Synopsis : A Tokyo de nos jours, une famille ordinaire voit son équilibre rompu. Licencié du jour au lendemain, le père, honteux, cache sa situation tout en continuant d’exercer son autorité sur les siens. Désoeuvré, le grand frère s’en va rejoindre le contingent américain en Irak. Il part à la guerre pour quitter sa famille. Après une bravade à l’école, le petit frère est ostracisé, mais se découvre une passion pour le piano dont son père ne veut pas payer les leçons. A la maison, la mère, pilier de la cellule familiale, constate un délitement général et se sent négligée.

De Kiyoshi Kurosawa
(2008, Japon, 1h59)
Avec Teruyuki Kagawa, Haruka Igawa, Yu Koyanagi, Koji Yakusho…

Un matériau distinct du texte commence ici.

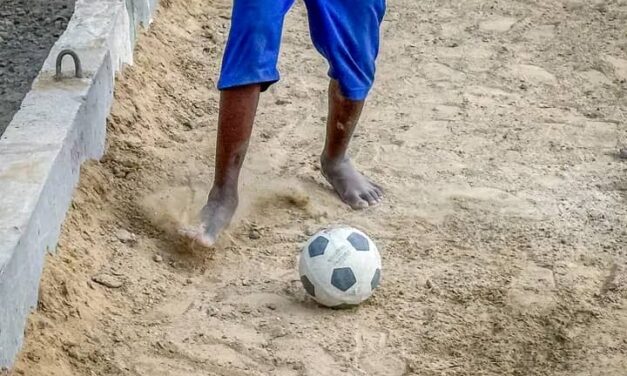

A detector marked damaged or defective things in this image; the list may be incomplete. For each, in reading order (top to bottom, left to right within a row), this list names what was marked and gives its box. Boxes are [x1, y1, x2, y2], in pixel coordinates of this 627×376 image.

Il n’y a pas de fantôme dans « Tokyo Sonata », ni aucune autre de ces références fantastiques généralement constatées chez Kurosawa. L’horreur réside ici dans la normalité, un cauchemar au quotidien enduré par ceux qui savent qu’ils ne peuvent trouver la paix de l’esprit chez eux, ou dans le sommeil. Figure la plus ingrate et la plus présente à l’écran, le père ne peut choisir s’il faut être honnête ou respecté. Il ment à sa famille tout en condamnant le mensonge et maintient la séparation avec sa vie professionnelle, dont il ne parle jamais. Pour lui et les siens, ces éveillés inquiets, tout va se jouer au cours d’une nuit blanche et rocambolesque, lors de laquelle Kurosawa multiplie les coups de théâtre. Non pour consolider une intrigue qu’il juge trop lisible, mais pour insinuer combien la confusion invite aux retournements de situations, et même à un miracle conclusif et presque sirkien. Jamais démagogue, Kiyoshi Kurosawa est aujourd’hui en état de grâce.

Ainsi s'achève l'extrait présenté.